Repeat exactly the lines of the entries below from the one with "Antik Doğu Pazarı" through the one with "Sheath/Column Spaghetti Straps", both ends included, and nothing else.
═══ INPUT DATA
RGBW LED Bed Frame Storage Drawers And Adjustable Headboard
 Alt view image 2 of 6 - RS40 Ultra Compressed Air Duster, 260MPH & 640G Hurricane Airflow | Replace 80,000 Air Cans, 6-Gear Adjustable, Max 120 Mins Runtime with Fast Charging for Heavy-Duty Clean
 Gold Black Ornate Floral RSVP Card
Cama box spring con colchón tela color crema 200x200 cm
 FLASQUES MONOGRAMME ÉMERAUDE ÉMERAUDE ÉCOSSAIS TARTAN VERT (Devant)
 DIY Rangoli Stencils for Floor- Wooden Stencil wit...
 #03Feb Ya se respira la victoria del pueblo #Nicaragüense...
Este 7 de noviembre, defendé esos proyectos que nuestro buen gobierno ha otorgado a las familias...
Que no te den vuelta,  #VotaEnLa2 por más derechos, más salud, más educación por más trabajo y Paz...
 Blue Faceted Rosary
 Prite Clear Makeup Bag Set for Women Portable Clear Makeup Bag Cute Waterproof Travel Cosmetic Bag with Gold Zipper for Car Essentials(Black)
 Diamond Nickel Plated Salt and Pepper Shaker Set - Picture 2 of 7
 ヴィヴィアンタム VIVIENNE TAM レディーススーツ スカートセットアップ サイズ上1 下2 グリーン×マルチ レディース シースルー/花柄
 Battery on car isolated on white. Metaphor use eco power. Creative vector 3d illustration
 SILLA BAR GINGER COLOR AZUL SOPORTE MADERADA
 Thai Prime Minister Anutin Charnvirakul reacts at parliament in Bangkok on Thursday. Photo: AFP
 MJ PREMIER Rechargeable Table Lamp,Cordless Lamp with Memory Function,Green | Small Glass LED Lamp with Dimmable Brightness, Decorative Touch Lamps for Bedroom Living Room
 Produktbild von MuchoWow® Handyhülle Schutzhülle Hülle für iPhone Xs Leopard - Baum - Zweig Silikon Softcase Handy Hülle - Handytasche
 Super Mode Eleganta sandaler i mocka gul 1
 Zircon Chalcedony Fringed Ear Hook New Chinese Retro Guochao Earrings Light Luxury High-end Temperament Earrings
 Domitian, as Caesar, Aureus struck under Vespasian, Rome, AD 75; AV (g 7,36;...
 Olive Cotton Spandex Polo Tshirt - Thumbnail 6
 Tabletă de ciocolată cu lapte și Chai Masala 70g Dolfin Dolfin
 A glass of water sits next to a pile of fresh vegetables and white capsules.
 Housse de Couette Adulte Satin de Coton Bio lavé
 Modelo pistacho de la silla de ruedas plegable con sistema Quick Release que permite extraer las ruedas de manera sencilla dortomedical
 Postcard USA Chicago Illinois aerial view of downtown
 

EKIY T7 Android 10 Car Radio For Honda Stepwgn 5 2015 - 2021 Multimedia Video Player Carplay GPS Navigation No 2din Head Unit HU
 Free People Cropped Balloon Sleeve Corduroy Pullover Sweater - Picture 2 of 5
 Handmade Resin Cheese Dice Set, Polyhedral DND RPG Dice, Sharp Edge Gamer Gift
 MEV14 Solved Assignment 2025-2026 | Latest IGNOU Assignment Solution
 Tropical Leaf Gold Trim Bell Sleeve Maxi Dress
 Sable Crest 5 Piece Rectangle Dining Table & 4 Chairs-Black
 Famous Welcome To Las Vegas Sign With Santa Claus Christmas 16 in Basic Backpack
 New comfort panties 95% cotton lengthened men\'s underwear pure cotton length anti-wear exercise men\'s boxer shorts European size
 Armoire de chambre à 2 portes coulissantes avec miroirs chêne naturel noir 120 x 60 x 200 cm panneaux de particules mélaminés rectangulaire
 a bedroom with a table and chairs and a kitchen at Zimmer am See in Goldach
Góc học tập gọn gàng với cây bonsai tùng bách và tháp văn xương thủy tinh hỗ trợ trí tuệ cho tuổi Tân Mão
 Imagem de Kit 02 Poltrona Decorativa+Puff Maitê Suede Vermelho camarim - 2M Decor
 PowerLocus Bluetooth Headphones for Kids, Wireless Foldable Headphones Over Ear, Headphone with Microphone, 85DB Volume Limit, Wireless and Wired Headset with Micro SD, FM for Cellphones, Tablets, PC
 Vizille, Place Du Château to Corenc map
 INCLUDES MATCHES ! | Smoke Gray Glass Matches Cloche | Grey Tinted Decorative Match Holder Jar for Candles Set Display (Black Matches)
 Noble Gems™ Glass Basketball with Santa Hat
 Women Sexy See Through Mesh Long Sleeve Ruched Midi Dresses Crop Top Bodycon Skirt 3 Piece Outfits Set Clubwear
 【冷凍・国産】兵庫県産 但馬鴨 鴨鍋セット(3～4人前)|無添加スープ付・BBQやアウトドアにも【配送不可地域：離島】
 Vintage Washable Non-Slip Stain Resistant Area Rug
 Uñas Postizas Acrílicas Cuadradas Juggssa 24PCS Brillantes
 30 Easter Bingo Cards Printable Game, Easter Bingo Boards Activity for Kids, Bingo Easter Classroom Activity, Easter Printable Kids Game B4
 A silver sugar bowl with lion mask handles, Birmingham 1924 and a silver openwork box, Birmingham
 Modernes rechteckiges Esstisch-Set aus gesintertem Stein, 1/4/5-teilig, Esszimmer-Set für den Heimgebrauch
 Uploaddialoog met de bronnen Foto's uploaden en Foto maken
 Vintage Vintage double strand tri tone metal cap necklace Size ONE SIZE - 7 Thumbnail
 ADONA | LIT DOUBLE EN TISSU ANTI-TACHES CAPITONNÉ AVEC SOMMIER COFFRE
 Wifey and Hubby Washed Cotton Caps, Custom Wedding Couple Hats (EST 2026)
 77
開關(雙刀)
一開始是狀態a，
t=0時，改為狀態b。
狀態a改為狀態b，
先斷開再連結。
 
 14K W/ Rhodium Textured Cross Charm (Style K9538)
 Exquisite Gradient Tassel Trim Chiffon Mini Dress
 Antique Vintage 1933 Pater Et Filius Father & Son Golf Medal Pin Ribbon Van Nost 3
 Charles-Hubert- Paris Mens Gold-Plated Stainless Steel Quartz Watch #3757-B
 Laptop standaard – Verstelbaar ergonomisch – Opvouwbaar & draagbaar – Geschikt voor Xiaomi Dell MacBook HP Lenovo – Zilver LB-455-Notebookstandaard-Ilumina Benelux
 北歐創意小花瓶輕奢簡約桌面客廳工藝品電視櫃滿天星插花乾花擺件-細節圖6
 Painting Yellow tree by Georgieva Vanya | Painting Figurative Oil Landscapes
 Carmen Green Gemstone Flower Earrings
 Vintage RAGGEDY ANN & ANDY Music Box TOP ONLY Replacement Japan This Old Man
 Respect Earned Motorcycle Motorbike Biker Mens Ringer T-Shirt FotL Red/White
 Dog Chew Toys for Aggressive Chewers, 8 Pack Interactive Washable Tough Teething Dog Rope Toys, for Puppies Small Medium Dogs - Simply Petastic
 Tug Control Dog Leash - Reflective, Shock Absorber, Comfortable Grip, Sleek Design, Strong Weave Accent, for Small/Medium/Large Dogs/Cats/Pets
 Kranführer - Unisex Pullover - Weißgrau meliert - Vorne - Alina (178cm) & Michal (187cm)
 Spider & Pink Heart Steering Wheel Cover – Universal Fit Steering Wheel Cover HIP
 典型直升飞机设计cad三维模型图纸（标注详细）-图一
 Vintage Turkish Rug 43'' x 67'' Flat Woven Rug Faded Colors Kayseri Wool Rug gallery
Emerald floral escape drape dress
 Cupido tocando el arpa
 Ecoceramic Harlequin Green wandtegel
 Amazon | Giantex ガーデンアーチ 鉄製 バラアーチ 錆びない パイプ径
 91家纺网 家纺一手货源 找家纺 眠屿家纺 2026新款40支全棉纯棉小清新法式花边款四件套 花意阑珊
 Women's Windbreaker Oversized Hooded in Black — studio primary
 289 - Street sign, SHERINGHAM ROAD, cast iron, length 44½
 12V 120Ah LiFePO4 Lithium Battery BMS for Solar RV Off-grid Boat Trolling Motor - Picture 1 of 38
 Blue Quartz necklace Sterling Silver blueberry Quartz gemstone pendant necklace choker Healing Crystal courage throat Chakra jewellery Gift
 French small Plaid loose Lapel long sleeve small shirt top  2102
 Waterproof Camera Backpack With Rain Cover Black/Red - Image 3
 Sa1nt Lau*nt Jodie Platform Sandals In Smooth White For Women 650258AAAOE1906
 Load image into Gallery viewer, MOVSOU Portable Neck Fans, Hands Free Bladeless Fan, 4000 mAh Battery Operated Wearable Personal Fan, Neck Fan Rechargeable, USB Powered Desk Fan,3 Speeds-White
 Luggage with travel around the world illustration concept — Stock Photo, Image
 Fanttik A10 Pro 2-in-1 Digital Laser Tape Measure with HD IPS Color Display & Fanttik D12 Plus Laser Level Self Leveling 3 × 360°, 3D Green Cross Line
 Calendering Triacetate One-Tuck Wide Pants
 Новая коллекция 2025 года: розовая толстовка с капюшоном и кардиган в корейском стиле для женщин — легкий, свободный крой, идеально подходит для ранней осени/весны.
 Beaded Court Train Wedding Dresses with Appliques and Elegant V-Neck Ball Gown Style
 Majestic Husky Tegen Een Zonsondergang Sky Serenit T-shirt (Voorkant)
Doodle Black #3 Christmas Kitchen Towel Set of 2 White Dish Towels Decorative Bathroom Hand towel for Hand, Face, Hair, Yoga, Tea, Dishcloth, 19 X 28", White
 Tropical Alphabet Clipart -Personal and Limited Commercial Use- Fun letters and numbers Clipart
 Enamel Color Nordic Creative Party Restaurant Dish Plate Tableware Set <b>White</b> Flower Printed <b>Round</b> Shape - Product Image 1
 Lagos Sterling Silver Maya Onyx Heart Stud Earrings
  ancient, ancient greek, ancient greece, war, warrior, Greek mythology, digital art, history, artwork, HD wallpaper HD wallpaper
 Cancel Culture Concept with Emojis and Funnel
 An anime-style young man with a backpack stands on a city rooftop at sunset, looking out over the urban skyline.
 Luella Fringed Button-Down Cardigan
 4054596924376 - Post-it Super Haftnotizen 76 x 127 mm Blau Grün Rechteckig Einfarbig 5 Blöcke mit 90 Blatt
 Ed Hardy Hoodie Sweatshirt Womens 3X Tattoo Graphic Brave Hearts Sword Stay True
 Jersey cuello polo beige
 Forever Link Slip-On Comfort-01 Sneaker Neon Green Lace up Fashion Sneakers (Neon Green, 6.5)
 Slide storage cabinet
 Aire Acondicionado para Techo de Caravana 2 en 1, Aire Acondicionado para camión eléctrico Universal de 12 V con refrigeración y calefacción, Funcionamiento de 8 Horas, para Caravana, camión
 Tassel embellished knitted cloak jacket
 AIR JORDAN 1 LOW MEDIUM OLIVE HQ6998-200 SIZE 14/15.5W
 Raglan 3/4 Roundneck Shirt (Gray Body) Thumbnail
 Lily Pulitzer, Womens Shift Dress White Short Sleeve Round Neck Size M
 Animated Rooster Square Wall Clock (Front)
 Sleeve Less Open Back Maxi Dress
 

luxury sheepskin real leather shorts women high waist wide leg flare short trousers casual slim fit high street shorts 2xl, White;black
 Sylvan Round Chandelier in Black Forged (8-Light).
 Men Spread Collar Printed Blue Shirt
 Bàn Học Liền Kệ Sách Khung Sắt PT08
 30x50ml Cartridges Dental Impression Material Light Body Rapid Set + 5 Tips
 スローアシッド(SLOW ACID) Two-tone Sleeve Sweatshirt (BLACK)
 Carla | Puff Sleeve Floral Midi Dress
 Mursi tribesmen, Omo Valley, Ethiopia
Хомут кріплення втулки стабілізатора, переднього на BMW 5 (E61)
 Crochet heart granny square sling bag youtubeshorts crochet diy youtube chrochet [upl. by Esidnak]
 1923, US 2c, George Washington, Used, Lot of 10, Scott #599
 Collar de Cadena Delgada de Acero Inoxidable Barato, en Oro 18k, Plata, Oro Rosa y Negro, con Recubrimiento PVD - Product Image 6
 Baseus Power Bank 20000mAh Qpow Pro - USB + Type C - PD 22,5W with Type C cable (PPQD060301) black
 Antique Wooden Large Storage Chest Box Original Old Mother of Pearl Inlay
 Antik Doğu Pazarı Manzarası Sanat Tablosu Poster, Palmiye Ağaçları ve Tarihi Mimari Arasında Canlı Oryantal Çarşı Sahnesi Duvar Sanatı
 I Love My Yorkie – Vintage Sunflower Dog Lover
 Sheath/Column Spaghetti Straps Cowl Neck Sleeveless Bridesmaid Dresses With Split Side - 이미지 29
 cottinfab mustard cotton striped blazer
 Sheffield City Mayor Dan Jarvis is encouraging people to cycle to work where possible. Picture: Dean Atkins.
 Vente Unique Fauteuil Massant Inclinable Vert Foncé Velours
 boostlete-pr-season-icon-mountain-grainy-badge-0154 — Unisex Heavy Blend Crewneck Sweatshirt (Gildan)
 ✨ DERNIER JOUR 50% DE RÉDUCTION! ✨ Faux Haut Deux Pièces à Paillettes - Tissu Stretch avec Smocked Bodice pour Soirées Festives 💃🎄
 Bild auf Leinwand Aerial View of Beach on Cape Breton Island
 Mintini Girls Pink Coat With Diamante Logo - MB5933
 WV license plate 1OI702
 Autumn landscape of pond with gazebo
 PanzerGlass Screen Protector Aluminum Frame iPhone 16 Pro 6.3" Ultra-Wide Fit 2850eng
══════
_SOLUTION TO THE PROBLEM_.
 Antik Doğu Pazarı Manzarası Sanat Tablosu Poster, Palmiye Ağaçları ve Tarihi Mimari Arasında Canlı Oryantal Çarşı Sahnesi Duvar Sanatı
 I Love My Yorkie – Vintage Sunflower Dog Lover
 Sheath/Column Spaghetti Straps Cowl Neck Sleeveless Bridesmaid Dresses With Split Side - 이미지 29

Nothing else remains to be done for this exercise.